Kencan

736 87 3
                                    

"Jadi, ayahmu akan menikah lagi?" tanya Haechan saat makan siang bersama Jeno.

Jeno mengangguk. "Iya. Dia mau mengenalkan calon istri barunya padaku hari Jumat minggu depan." Jeno menyuapkan kentang tumbuk ke mulutnya. "Kau juga diundang. Mark diundang, tapi dia tidak bisa datang."

"Keluarga Jung setuju?" Alis Haechan naik tinggi-tinggi.

"Ya. Bibi Soojung malah menyuruh Ayah agar cepat-cepat menikah," ucap Jeno.

Siang itu di hari Selasa, di tengah musim panas, hujan turun dengan lebatnya sehingga Jeno harus menghabiskan waktu makan siangnya lebih lama di restoran seberang kantor. Beruntung ada Haechan, ia jadi tidak perlu mati kutu sendirian tanpa ponsel yang tertinggal di meja kerjanya.

Perempuan itu baru pulang berbelanja. Dua bungkus paperbag tergeletak dekat kaki kursi. Jeno sempat mencuri lihat pada dua brand mewah dengan warna oranyenya yang khas dan menjadi favorit Haechan.

"Kau sendiri?
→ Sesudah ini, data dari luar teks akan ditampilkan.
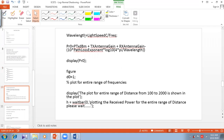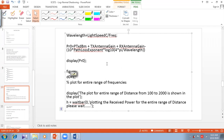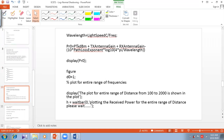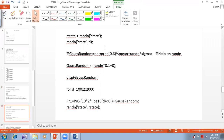We then calculate the wavelength using the speed of light and frequency, since it is required to compute the received power. The received power is given by the transmitted power in dBm, plus the transmitter antenna gain, plus the receiver antenna gain, minus 10·n·log10(4π/λ). We then generate the Gaussian random noise using MATLAB's built-in 'randn' function with a state assignment, generating a zero-mean Gaussian random variable.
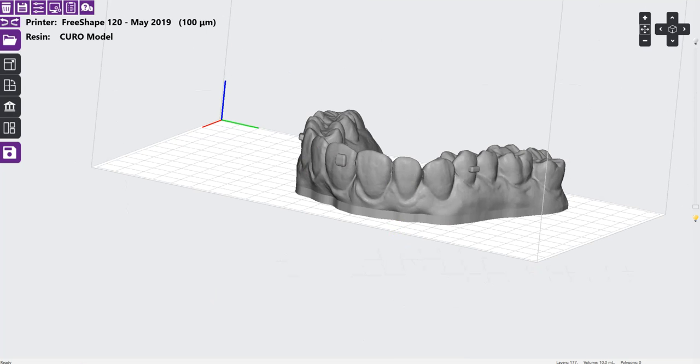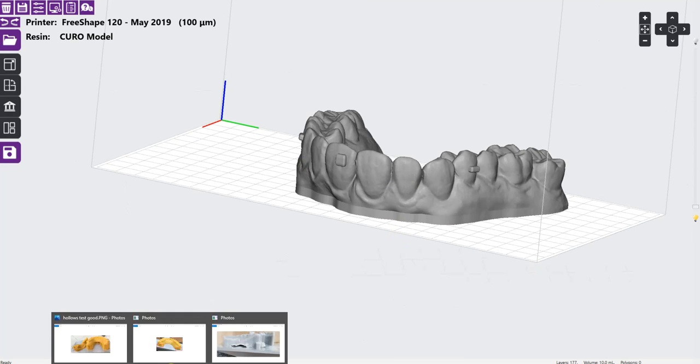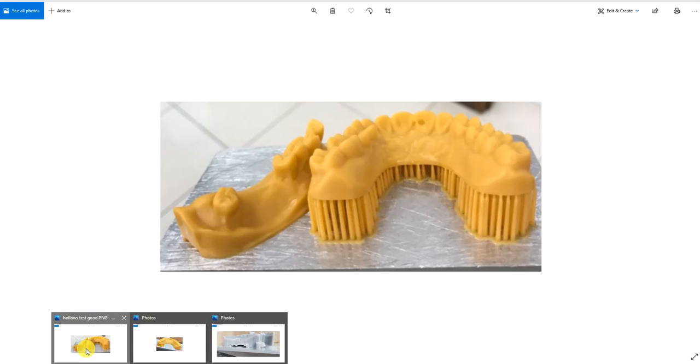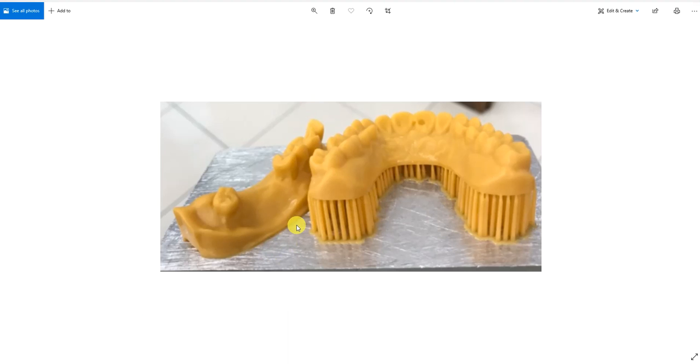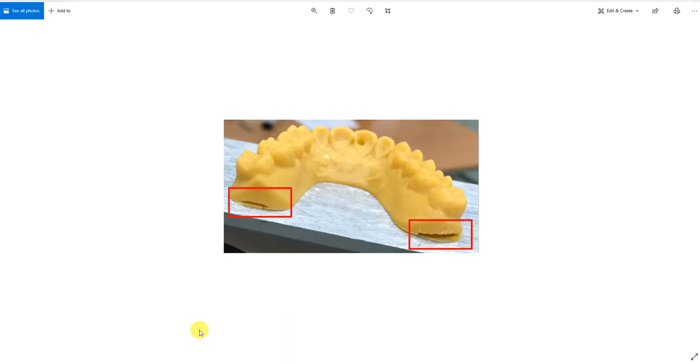These pictures show the results. As you can see, the first print was successful and the second print failed. You can see some holes formed in the model because of the pressure.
Persiapan pernikahanmu dan Lucas bagaimana?"

Haechan meletakkan cangkir kopinya sambil membuang napas kesal. "Rumit. Aku ingin begini, dia ingin begitu. Belum lagi keluarganya ikut campur dan banyak mau! Harus pakai adat ini, upacara itu. Ugh! Aku bahkan tidak paham gunanya upacara minum teh! Nikah, ya nikah saja!" gerutu Haechan sambil memegangi kepalanya. "Rasanya kepalaku mau pecah kalau tidak ingat aku cinta padanya."

"Sesulit itu?"

"Sesulit itu. Terlalu banyak detail. Seberapa seringpun aku membaca buku panduan pesta pernikahan dan sudah dibantu oleh Wedding Organizer, tetap saja sulit. Setiap detail harus dipikirkan masak-masak. Kau tahu sendiri kan, aku paling tidak suka mengurus hal detail."

Jeno mengulum senyum tipis sambil meminum air mineral di gelasnya.
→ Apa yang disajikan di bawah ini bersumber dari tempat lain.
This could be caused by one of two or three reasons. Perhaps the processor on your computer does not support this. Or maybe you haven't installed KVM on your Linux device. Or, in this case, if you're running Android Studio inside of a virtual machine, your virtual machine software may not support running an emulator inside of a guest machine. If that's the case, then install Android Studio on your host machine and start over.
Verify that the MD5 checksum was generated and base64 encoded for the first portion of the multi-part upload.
"Saranku, jangan menikah dengan orang luar negeri kalau kau tidak mau ribet."

"Akan kuingat saranmu."

Haechan kembali menuang sebungkus gula ke kopi hangatnya. Ia memutar sendok perak pada cairan pekat itu. "Kau sendiri? Kapan mau menikah? Masa kau keduluan dengan Paman Donghae?"

Jeno tergelak. "Benar juga. Ayahku sudah mau menikah dua kali, sedangkan aku pacaran saja tidak pernah."

"Mau aku carikan? Aku punya banyak kenalan perempuan cantik. Kau tinggal sebut saja, kriteriamu seperti apa."

Pikiran Jeno mendadak melayang, teringat pada Jaemin dan tangisannya di hari terakhir pertemuan mereka. "Yang cantik."

Haechan diam, ia pikir Jeno akan melanjutkan kalimatnya. "Hanya cantik?" Sebelah alisnya naik tinggi-tinggi lalu mendengus antara kesal dan penuh cibiran. "Wah... kau ini lelaki yang hanya mementingkan fisik, ya."

"Entahlah, kadang aku juga bingung kalau ditanya aku suka perempuan seperti apa."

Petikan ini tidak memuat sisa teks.